## PROVIDED MATERIAL
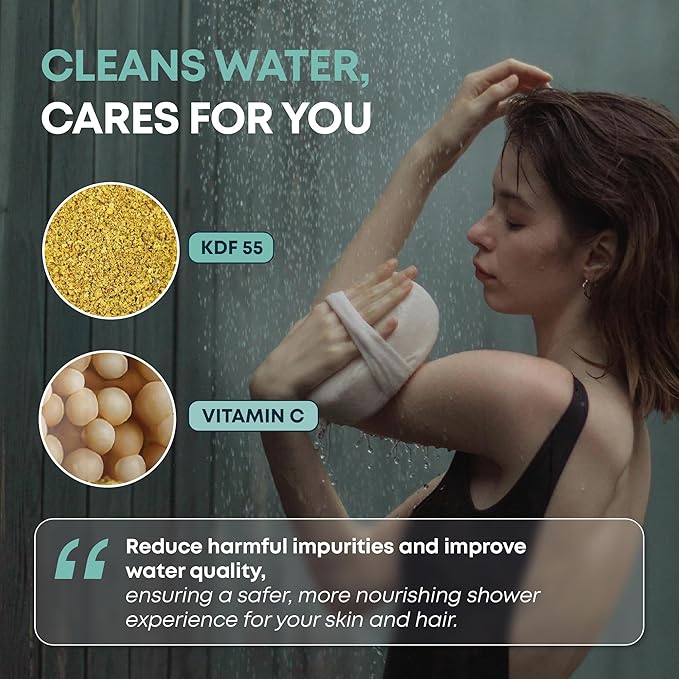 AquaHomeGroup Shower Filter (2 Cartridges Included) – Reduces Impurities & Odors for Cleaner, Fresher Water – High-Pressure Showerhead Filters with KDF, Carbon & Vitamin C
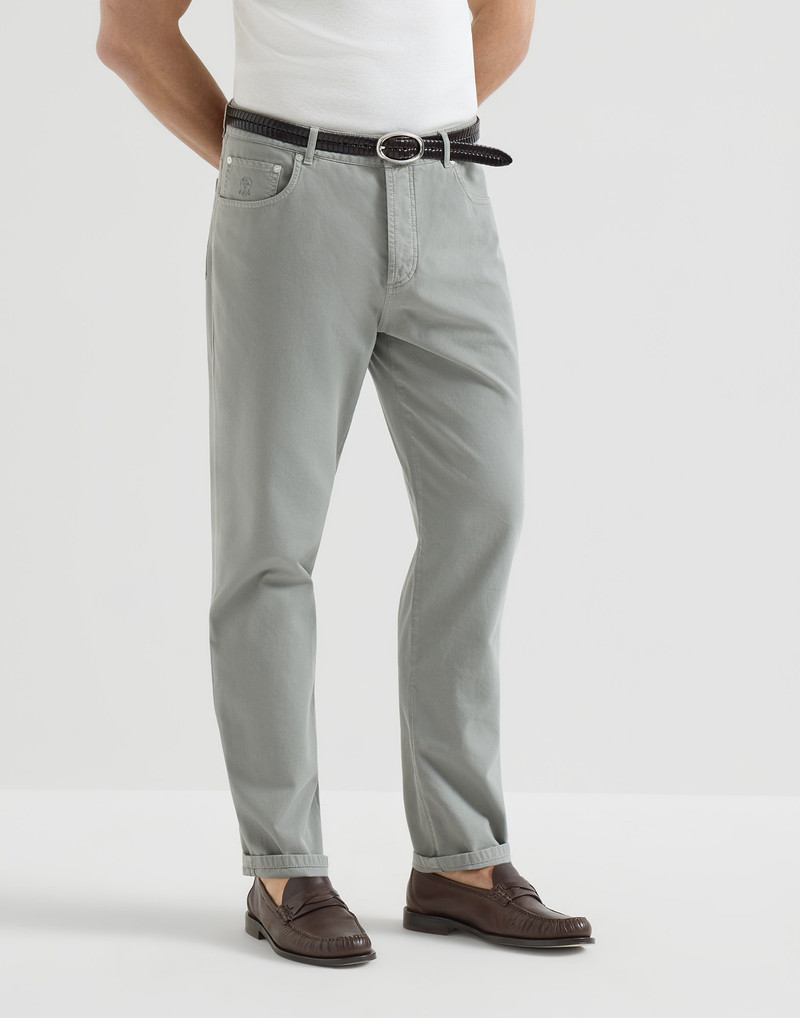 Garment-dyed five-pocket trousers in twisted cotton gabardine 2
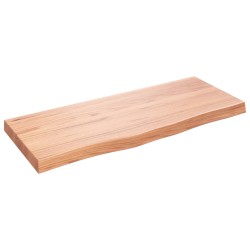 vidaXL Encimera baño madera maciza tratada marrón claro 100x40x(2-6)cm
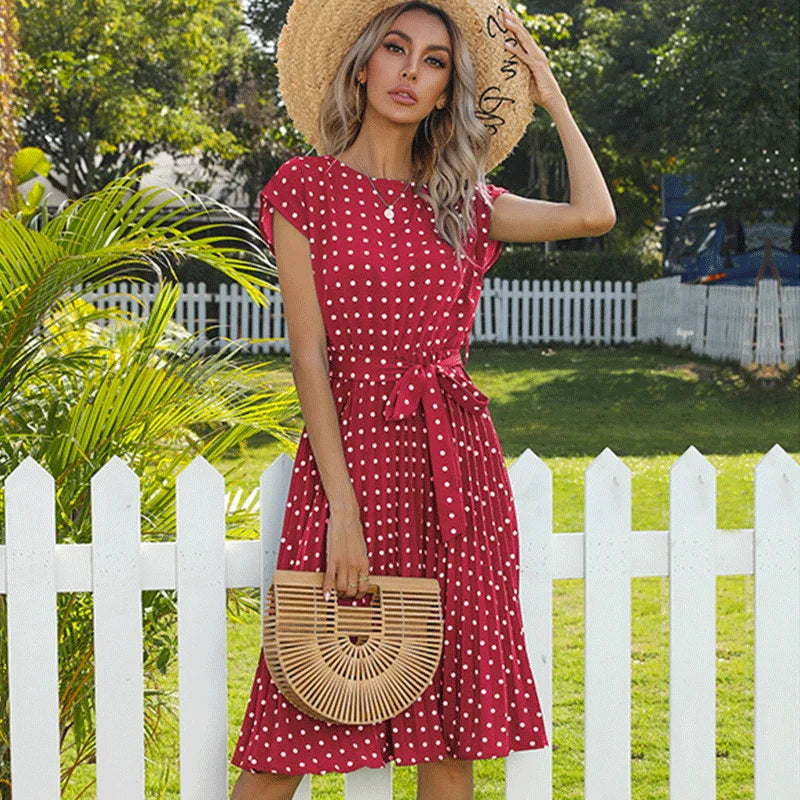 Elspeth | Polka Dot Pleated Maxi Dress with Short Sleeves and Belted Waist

## WHAT NEEDS TO BE DONE
Restating the data word for word is the task, and pictures are to be omitted.

## SOLUTION TO THIS PROBLEM
 AquaHomeGroup Shower Filter (2 Cartridges Included) – Reduces Impurities & Odors for Cleaner, Fresher Water – High-Pressure Showerhead Filters with KDF, Carbon & Vitamin C
 Garment-dyed five-pocket trousers in twisted cotton gabardine 2
 vidaXL Encimera baño madera maciza tratada marrón claro 100x40x(2-6)cm
 Elspeth | Polka Dot Pleated Maxi Dress with Short Sleeves and Belted Waist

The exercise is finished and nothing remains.